--- DATA FOR PROCESSING ---
▶

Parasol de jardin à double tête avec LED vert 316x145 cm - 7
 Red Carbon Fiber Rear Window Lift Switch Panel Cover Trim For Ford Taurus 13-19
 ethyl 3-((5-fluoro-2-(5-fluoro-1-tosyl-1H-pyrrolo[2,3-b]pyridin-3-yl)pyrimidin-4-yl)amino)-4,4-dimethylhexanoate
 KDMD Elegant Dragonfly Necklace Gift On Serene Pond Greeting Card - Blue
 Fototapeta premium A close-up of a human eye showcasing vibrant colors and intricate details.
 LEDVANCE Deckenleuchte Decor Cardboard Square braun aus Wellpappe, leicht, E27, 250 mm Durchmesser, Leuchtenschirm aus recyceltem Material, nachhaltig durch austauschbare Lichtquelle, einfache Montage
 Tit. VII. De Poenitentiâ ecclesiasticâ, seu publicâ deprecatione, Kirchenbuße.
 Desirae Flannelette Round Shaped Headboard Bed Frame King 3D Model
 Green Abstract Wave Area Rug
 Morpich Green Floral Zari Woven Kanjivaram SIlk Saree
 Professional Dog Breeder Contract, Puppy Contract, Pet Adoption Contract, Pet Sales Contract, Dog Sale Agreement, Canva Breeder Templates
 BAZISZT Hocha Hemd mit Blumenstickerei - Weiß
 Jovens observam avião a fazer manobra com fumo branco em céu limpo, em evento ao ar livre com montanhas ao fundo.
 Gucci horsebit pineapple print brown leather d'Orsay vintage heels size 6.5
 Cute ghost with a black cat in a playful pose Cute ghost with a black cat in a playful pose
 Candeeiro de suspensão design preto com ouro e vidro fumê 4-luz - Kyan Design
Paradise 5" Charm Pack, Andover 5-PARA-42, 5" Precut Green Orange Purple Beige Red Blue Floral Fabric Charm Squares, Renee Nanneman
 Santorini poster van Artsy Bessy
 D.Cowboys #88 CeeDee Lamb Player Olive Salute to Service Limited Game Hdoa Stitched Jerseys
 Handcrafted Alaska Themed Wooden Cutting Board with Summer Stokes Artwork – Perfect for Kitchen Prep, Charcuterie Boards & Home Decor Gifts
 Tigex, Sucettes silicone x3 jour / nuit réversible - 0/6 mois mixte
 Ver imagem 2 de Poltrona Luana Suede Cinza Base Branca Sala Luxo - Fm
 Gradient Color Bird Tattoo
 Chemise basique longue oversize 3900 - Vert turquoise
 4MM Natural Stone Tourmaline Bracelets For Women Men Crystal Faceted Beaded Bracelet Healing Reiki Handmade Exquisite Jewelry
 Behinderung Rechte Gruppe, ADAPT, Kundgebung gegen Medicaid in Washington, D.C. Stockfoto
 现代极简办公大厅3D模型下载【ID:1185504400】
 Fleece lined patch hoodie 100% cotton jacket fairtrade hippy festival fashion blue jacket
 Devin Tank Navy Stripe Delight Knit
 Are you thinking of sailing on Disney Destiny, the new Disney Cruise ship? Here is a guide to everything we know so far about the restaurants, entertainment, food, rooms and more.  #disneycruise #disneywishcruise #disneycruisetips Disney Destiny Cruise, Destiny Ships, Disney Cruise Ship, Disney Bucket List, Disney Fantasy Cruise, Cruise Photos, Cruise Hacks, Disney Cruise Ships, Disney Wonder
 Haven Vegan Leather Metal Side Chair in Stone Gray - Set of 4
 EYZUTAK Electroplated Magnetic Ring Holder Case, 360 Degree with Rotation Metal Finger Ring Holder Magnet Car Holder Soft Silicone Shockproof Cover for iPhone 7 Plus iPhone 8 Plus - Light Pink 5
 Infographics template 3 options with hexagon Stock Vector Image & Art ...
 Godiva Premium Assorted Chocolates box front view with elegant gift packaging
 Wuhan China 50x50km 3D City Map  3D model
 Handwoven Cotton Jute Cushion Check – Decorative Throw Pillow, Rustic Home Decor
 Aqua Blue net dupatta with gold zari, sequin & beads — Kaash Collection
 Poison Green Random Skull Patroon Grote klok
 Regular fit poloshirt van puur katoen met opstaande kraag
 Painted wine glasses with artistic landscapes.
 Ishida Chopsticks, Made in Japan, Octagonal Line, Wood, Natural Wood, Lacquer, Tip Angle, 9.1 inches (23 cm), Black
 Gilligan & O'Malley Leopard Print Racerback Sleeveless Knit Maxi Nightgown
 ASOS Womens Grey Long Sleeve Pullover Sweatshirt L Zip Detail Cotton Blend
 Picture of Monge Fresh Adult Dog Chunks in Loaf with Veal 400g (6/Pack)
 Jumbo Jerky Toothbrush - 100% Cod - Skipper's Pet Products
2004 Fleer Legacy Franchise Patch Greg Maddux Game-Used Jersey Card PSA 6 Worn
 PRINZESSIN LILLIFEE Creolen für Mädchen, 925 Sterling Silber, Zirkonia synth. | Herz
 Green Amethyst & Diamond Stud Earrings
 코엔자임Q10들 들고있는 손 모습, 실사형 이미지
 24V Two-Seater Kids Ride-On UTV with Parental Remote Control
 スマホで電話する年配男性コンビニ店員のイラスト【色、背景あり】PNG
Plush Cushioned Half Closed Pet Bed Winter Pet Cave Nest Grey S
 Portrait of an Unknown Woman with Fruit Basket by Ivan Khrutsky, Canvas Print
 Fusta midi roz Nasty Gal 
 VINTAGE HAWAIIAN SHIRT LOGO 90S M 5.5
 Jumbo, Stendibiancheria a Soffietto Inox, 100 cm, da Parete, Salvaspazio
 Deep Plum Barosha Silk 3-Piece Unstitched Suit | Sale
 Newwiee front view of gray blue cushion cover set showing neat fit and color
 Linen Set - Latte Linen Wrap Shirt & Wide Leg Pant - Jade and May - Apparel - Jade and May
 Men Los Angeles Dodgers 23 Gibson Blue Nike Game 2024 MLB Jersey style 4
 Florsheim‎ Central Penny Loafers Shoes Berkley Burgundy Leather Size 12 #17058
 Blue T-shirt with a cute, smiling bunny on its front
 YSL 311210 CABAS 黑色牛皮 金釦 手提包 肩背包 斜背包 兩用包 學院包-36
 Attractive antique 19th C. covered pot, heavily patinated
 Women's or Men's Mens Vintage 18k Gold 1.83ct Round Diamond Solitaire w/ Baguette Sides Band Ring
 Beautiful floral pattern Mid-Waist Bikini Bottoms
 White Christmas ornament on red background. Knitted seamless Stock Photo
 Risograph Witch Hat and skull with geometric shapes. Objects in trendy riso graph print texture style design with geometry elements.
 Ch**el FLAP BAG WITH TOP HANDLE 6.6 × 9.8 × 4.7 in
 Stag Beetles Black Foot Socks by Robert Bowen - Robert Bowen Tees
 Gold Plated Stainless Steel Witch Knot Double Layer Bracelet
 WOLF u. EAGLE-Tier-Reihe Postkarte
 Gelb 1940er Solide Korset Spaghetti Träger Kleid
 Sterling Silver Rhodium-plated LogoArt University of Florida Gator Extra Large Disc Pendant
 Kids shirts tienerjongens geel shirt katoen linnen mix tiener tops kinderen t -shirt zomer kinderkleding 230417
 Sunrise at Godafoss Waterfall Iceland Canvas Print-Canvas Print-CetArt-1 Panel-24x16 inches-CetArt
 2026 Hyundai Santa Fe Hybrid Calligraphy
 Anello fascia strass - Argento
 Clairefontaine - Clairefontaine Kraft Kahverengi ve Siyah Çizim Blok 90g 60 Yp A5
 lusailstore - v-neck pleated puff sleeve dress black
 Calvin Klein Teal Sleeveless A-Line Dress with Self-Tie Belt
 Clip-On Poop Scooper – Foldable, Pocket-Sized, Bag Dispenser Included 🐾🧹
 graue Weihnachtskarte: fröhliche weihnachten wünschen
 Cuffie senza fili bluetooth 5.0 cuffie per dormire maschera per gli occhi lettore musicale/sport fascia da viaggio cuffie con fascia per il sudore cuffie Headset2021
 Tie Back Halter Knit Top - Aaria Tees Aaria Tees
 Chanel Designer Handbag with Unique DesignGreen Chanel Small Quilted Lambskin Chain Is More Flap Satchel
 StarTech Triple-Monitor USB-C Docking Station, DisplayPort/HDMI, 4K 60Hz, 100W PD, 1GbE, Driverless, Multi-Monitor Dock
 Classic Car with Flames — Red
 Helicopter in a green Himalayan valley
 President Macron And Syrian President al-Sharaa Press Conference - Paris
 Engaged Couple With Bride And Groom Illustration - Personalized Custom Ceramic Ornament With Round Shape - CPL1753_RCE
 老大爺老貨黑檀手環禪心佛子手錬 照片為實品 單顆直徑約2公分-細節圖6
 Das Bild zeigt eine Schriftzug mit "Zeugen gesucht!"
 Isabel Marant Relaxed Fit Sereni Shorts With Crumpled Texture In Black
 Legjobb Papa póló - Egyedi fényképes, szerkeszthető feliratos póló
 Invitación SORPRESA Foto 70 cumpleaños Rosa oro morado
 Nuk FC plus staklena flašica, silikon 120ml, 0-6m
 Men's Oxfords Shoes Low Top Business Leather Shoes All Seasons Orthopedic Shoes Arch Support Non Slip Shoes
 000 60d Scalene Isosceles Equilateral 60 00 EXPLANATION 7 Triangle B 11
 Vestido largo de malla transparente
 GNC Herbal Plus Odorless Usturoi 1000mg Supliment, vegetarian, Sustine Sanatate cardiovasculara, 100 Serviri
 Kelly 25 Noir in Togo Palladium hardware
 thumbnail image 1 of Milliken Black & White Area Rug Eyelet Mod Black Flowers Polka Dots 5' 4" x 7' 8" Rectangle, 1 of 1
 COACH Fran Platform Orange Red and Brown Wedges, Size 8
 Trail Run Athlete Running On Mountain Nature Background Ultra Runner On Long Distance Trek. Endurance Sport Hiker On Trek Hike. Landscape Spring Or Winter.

◀

--- TASK REQUIREMENTS ---
Nothing beyond the line that contains "KDMD Elegant Dragonfly" belongs in the answer; reproduce the entries exactly from their first line through it.

--- EXERCISE SOLUTION ---
Parasol de jardin à double tête avec LED vert 316x145 cm - 7
 Red Carbon Fiber Rear Window Lift Switch Panel Cover Trim For Ford Taurus 13-19
 ethyl 3-((5-fluoro-2-(5-fluoro-1-tosyl-1H-pyrrolo[2,3-b]pyridin-3-yl)pyrimidin-4-yl)amino)-4,4-dimethylhexanoate
 KDMD Elegant Dragonfly Necklace Gift On Serene Pond Greeting Card - Blue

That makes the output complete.